With 2,000 staff working across its 16 centres, Cygnet is now Britain’s second largest independent provider of acute psychiatric services as well as the largest outsourcing provider to the NHS of acute and intensive care psychiatry.
The company also incentivises staff through its share option scheme which it introduced in the early nineties. To reward employees who have helped add value to the company, Cygnet awards them once or twice yearly with the option to purchase a number of company shares within between three and ten years of the grant.
Today 450 of Cygnet’s managers and staff own 11 per cent of the business. “Proportionally speaking, this is by far the largest of any healthcare company in Britain,” explains Hughes.
Hughes says employees have been rewarded on average every couple of years. “It’s paid off in liquidity events in 2000, 2002, 2004 and now 2008. So they’re getting used to a consistent cycle of seeing capital gains coming up in the pipeline.” “We also introduced a share purchase scheme five years ago where employees who bought one share at a discount, would get another one for free. The scheme allowed them to buy their shares using pre-taxed money, rather than taxed and there was a maximum contribution of £1,500 over the five years.
And if they did that on day one, on the basis of the striking price of the last month, they’d have made £30,000 virtually tax free, because of the way the incentives work between capital gains exclusion and the relief on the gains on these schemes.”

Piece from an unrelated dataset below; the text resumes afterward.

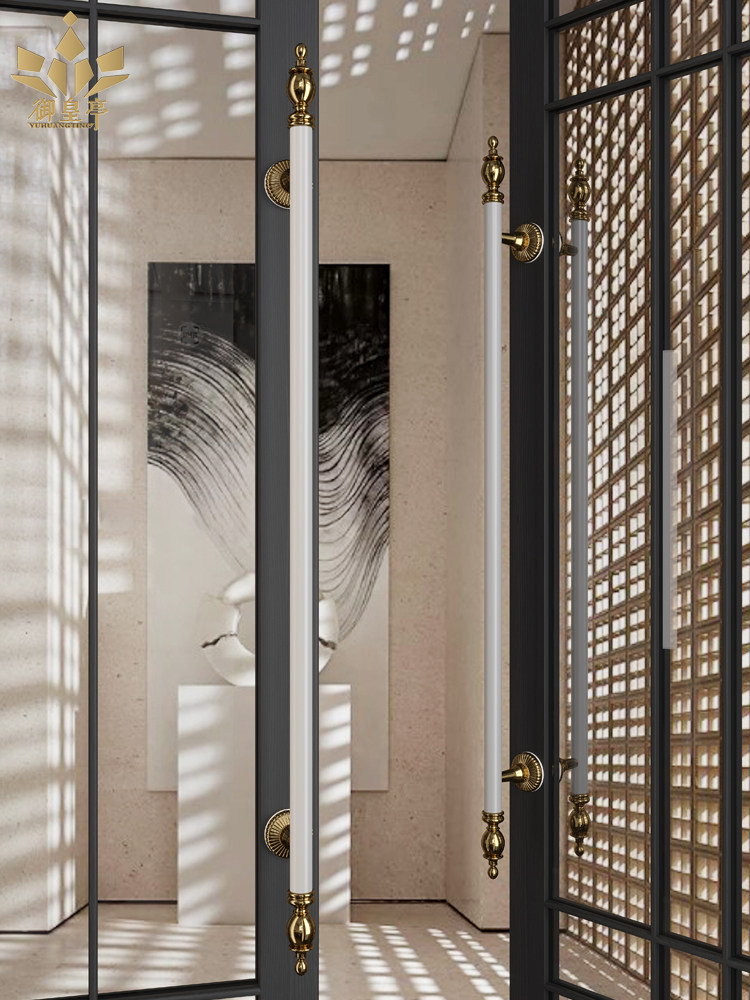 Custom stainless steel glass door handle modern minimalist framed door sliding door hotel wooden door handle pair gold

In light of this very handsome payout, Hughes is confident that the uptake of employees on the share option scheme is going to be considerably higher in future years. Cygnet’s management are now looking forward to expanding the employee share equity scheme going forward because as Hughes explains: “We know it results in the recruitment and retention of the best people in our industry.”
The company has grown at an average of 25 per cent compound growth during the past eight years to hit £80m in turnover this year and £24m in ebidta earnings.